I struggled with this for a while and wanted to share my solution. AvroParquetReader is a fine tool for reading Parquet, but its defaults for S3 access are weak:
java.io.InterruptedIOException: doesBucketExist on MY_BUCKET: com.amazonaws.AmazonClientException: No AWS Credentials provided by BasicAWSCredentialsProvider EnvironmentVariableCredentialsProvider SharedInstanceProfileCredentialsProvider : com.amazonaws.AmazonClientException: Unable to load credentials from service endpoint
I want to use credentials providers akin to those used by com.amazonaws.auth.profile.ProfileCredentialsProvider, which works for accessing my S3 bucket, but it is not clear from AvroParquetReader's class definition or documentation how I would achieve this.
This code worked for me. It allowed AvroParquetReader to access S3 using ProfileCredentialsProvider.

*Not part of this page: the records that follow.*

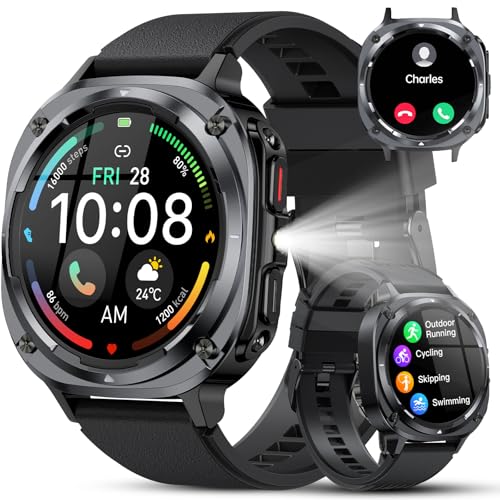 Outdoor Military Smart Watch for Men: Answer Calls, 1.39-inch HD Fitness Tracker with Heart Rate Monitor, Sleep Tracker, Pedometer - 114+ Sports Modes, IP68 Waterproof - iOS Android
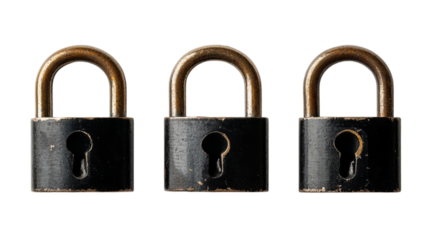 Three old rusty black padlocks in a row on transparent background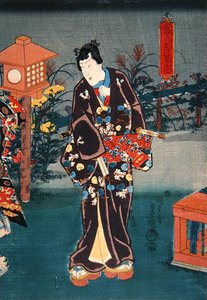 Dolunay: Bitkileri ve çiçekleri renklendirin by Utagawa Kunisada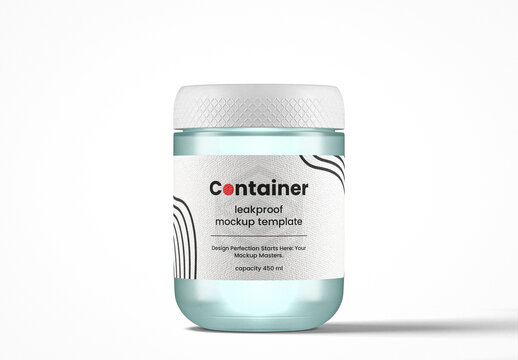 Frosted Glass Leak Proof Container Mockup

import com.amazonaws.auth.AWSCredentialsProvider;
import com.amazonaws.auth.profile.ProfileCredentialsProvider;
import org.apache.parquet.avro.AvroParquetReader;
import org.apache.parquet.hadoop.ParquetReader;
import org.apache.hadoop.fs.Path;
import org.apache.avro.generic.GenericRecord;
import org.apache.hadoop.conf.Configuration;
...
final String path = "s3a://"+bucketName+"/"+pathName;
final Configuration configuration = new Configuration();
configuration.setClass("fs.s3a.aws.credentials.provider", ProfileCredentialsProvider.class,
AWSCredentialsProvider.class);
ParquetReader<GenericRecord> parquetReader =
AvroParquetReader.<GenericRecord>builder(new Path(path)).withConf(configuration).build();